I've probably fixed a lot more bugs in my life by the natural history method, than I have by the method of examining core files, or for that matter running under a debugger or emulator.
Strace, mentioned separately in this thread, is a little harder to classify. A program that attaches itself to a running process and dumps out information about system calls, it affords a level of information about a program that may sometimes come close to what you'd see using a debugger.
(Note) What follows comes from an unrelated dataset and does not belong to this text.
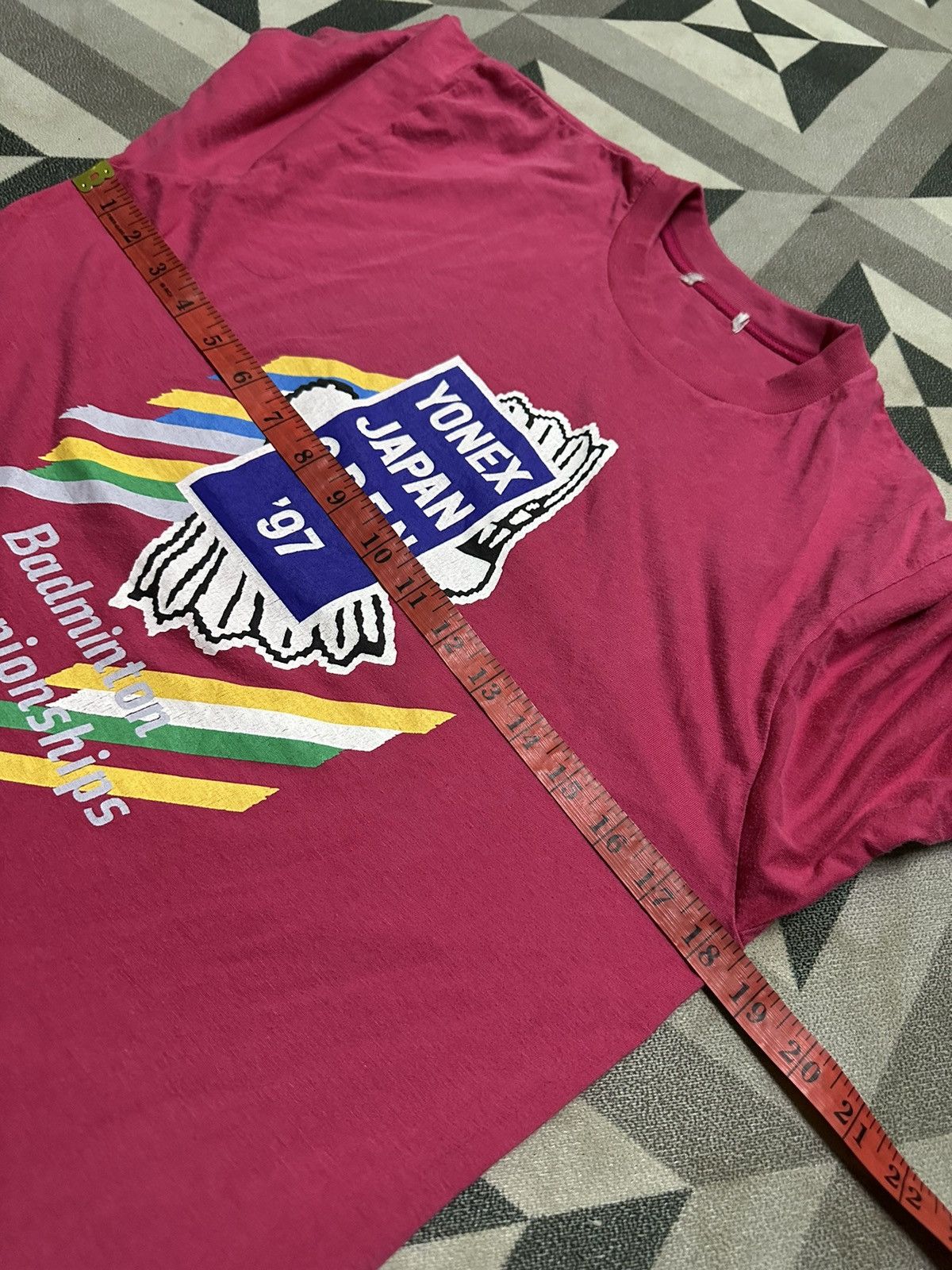 Vintage Vintage Yonex Japan open 1997 badminton championship tshirt Size US S / EU 44-46 / 1 - 7 Thumbnail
Mostly it doesn't, but sometimes it provides that key observation not available by other means which allows us to finally come to grips with a bug. I'd group it with natural history tools, perhaps as an analog to a radio collar. You know where the animal's been, but maybe not why, or what it did there. -- Dan Wilder
[JimD] I like to use the classic "OSI reference model" as a rough troubleshooting sequence. Keep going down the stack (from application, down through network and to the physical layers until you isolate the problem, then proceed back upwards correcting each problem until the application works).